**Data below**:
▼
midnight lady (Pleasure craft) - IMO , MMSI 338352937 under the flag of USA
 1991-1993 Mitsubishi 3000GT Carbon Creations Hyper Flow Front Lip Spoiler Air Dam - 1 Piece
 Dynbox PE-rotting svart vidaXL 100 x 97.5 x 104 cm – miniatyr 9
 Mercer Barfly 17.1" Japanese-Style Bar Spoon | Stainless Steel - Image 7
▲
**Exercise brief**: Copy out the entire material exactly.

**Expected output**:
midnight lady (Pleasure craft) - IMO , MMSI 338352937 under the flag of USA
 1991-1993 Mitsubishi 3000GT Carbon Creations Hyper Flow Front Lip Spoiler Air Dam - 1 Piece
 Dynbox PE-rotting svart vidaXL 100 x 97.5 x 104 cm – miniatyr 9
 Mercer Barfly 17.1" Japanese-Style Bar Spoon | Stainless Steel - Image 7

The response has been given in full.